During World Wars I and II, the unit received around 22 combat honours. These include The Battle of Sharqat, the East Africa campaign, Fort Dufferin in Mandalay, the Battle of Meiktila, Kohima, and Taungtha in Myanmar are among the major honours. Since 1947, the Regiment has fought in every major conflict. Among the many combat honours, it has received are those for the Asal Uttar campaign in 1965, the Chakra campaign in 1971, and the Tololing & Tiger Hill campaign in 1999. During the British administration, two members of the regiment were awarded the Indian Order of Merit. Subedar Rahim Khan was decorated in April 1918 for his valour in Palestine against the Ottoman army, while Naik Shivlal Dalal was honoured in 1933. Grenadier Yogendra Singh Yadav is the Regiment's sole living PVC recipient and the youngest recipient ever. The other two recipients are Company Quarter Master Havildar Abdul Hamid of the 4th Grenadiers, who was recognised for his supreme sacrifice during the 1965 Indo-Pak War, and Major Hoshiar Singh of the 3rd Grenadiers, who was recognised for his indomitable fighting spirit during the 1971 Indo-Pak War. Yadav of the 18th Grenadiers was decorated for his valour during the 1999 Kargil War.

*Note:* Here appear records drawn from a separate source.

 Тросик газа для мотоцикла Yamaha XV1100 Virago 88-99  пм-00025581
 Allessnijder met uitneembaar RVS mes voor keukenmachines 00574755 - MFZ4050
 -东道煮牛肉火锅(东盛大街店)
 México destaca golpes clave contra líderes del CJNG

The Grenadiers have the uncommon and illustrious distinction of having the most Param Vir Chakras, India's highest valour award, among all the Indian Army's Infantry Regiments. Additionally, the Grenadiers have been awarded two Ashok Chakras, seven Maha Vir Chakras, four Kirti Chakras, two Param Vishisht Seva Medals, two Ati Vishisht Seva Medals, two Uttam Yudh Seva Medals, thirty-three Vir Chakras, sixteen Shaurya Chakras, three Yudh Seva Medals, seventy one Sena Medals, and twenty-seven Vishisht Seva Medals.


Victoria Cross


Captain George Murray Rolland, 22 April 1903, Daratoleh, Somaliland


Indian Order of Merit


Subedar Rahim Khan, Palestine (against Turkey), April 1918[6]

Naik Shivlal Dalal (1933)


Param Vir Chakra Recipients


Company Quarter Master Havildar Abdul Hamid, 4th Grenadiers – 1965.

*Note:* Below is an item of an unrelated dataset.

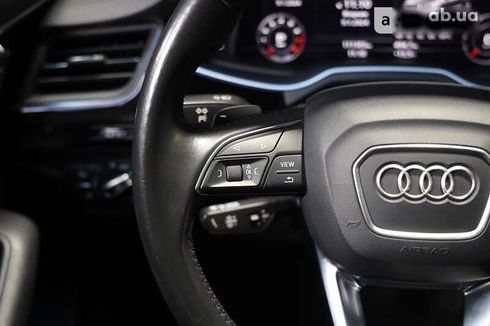 Audi Q7 2016 - фото 19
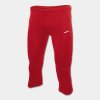 Pánské legíny JOMA PIRATE LEGGINS SKIN BLACK - foto 0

Major Hoshiar Singh, 3rd Grenadiers – 1971.

Grenadier Yogendra Singh Yadav, 18th Grenadiers – 1999.


Maha Vir Chakra Recipients


Major Rajesh Adhikari, MVC (Posthumous), 18 Grenadiers, Kargil War (Operation Vijay) 1999.

Colonel Balwan Singh, MVC, 18 Grenadiers, Kargil War (Operation Vijay) 1999.

Brigadier Rai Singh Yadav, MVC, 2 Grenadiers, Nathu La and Cho La clashes 1967.

2nd Lieutenant GVP Rao, MVC (Posthumous), 4 Grenadiers, Sino-Indian War 1962.

Major Dharam Vir Singh, MVC, 8 Grenadiers, Indo-Pak War of 1971.

Lieutenant General Ved Prakash Airy, MVC, 3 Grenadiers, Indo-Pak War of 1971 (Battle of Basantar).


Ashok Chakra Recipients

Major Rajiv Kumar Joon, 22 Grenadiers.

Rakesh Singh (soldier), 22 Grenadiers.



Let me end by recounting a song sung by British Grenadiers during the American Revolution:


“Some talk of Alexander, and some of Hercules,

Of Hector and Lysander, and such great names as these,

But of all the world's brave heroes, there's none that can compare,

with the tow, row, row, row, row, row, for the Grenadier.”